The trial court was confronted with a challenge to its ability to maintain order in these proceedings. The parties were highly contentious, were engaged in a protracted discovery dispute, and had not even begun to resolve the issues of visitation, support and property division. Wife's "'significant other'" was her counsel, who had exhibited grave animosity towards husband and was living in the family home. As the court pointed out, there were procedural and practical problems presented by the fact that husband had obtained a restraining order against Francisco. The court acted well within its discretion under section 128 in granting the motion for disqualification.
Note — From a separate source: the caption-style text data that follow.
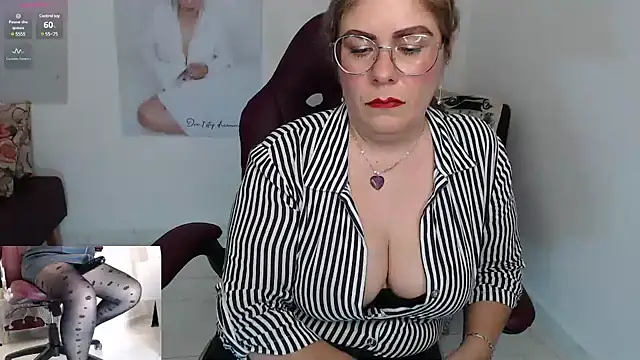 Serenay  online show from 12-21-24, 10:51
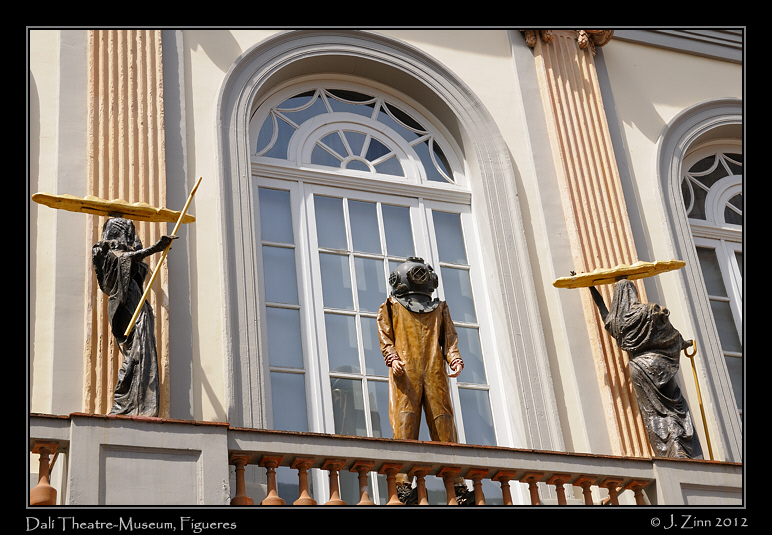 dali_museum_1219a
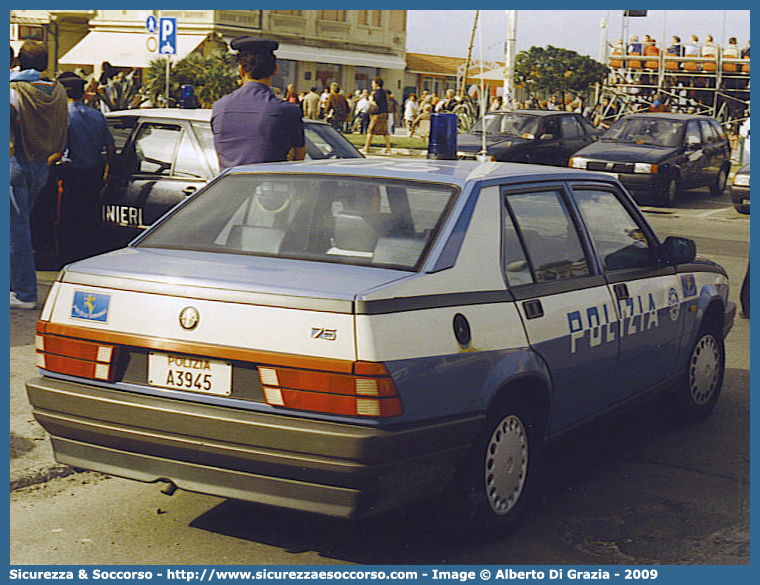 Polizia A3945
Polizia di Stato
Polizia Stradale
Alfa Romeo 75 II serie
Parole chiave: Polizia di Stato;Polizia;PS;Polizia Stradale;Alfa Romeo;75 II serie;A3945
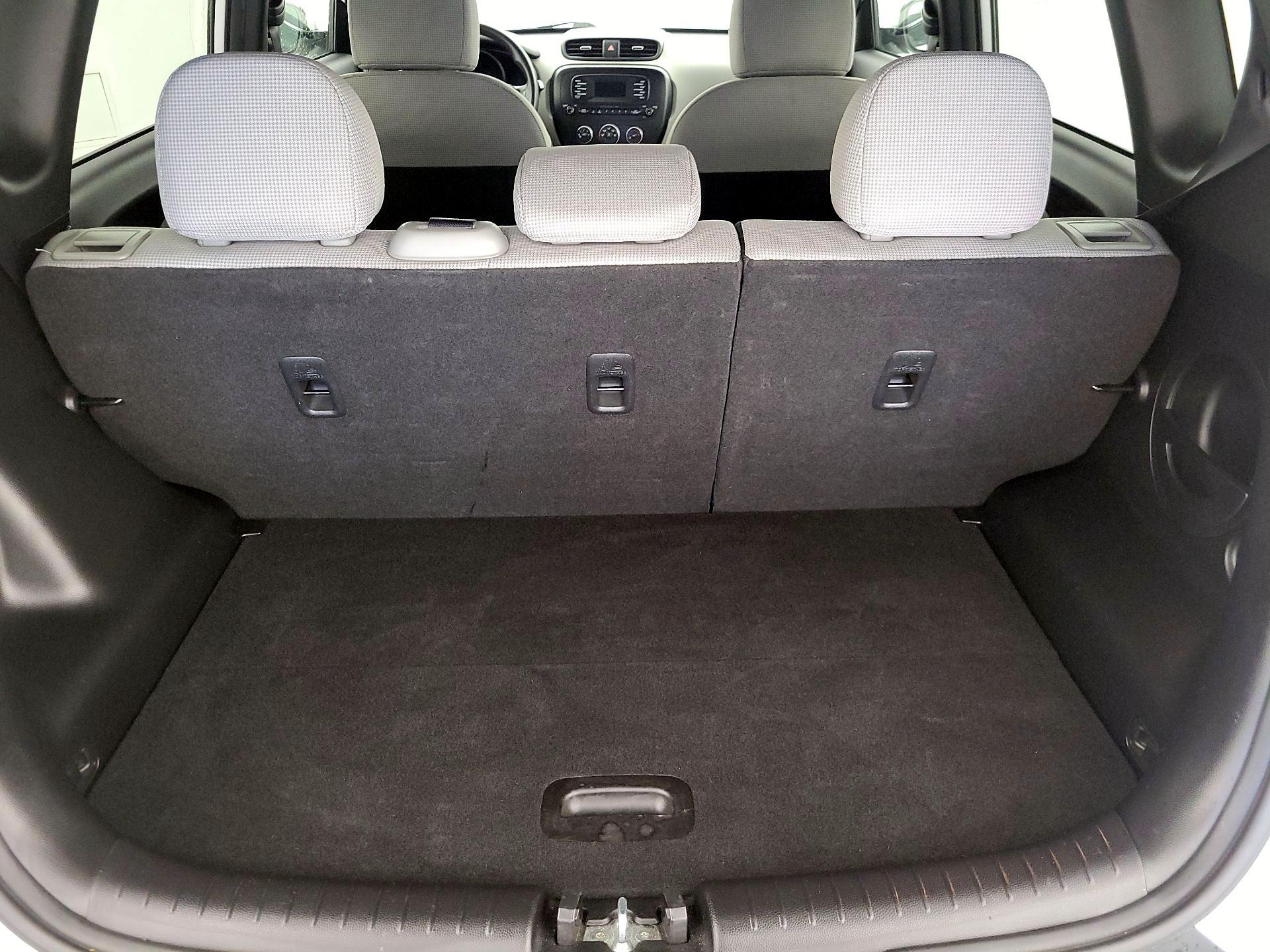 Thumbnail: 2015 Kia Soul - 19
Wife provides no authority for her assertion that the court was obligated to give her notice of the grounds of its written ruling. Equally without merit is wife's contention that the trial court erred in taking judicial notice of the TRO. The court was authorized to judicially notice the case pursuant to Evidence Code section 452, subdivision (d). Moreover, Francisco did not object to the court's inquiry regarding the TRO at the hearing on the motion for disqualification. He acknowledged that he had stipulated to the TRO and even supplied the case number to the court for its convenience. Francisco's conduct towards husband was a necessary factor for the court to consider in determining the appropriateness of Francisco's representation of wife, particularly in an adversarial proceeding.
In light of our ruling, we need not address wife's argument that the court failed to apply a "balancing of equities" test in considering hardship to wife. Nor need we consider her argument that husband did not file the correct judicial council form (application for order and supporting declaration) with his motion. There was no abuse of discretion.
The judgment (order of disqualification) is affirmed. Costs on appeal are awarded to respondent.
NOT TO BE PUBLISHED.
COFFEE, J.
We concur:
YEGAN, Acting P.J.
PERREN, J.
Bruce A. Young, Judge
Superior Court County of Ventura
______________________________
Law Office of Rhett T. Francisco and Rhett T. Francisco for Appellant.
Law Offices of Steven Rein and Steven Rein for Respondent.
Publication Courtesy of San Diego County Legal Resource Directory.
Analysis and review provided by San Diego Real Estate Attorney.
[1] All further references are to the Code of Civil Procedure, unless otherwise stated.
[2] The court appropriately cited to section 128 several times throughout its written ruling. There is one typographical error in which it referred to the code section as 138. The court noted this error during the motion for reconsideration.
[3] Attached to the motion for reconsideration was the declaration of attorney William Houser, stating that he had agreed to draft the motion without becoming wife's attorney of record.
[4] In Comden v. Superior Court, supra, 20 Cal.3d 906, the court relied on the following portion of former rule 2-111(A)(4): "'If upon or after undertaking employment, a member of the State Bar knows or should know that he or a lawyer in his firm ought to be called as a witness on behalf of his client in litigation concerning the subject matter of such employment he shall withdraw from the conduct of the trial and his firm . . . shall not continue representation in the trial . . . .'" (Id. at p. 911, fn. 1.) The rule contains four exceptions: an attorney or a lawyer in his firm may continue representation if his testimony will relate solely to an uncontested matter; a matter of formality; the nature and value of legal services rendered; or if refusal would work a substantial hardship on the client due to the distinctive value of the lawyer or his firm. (Ibid.)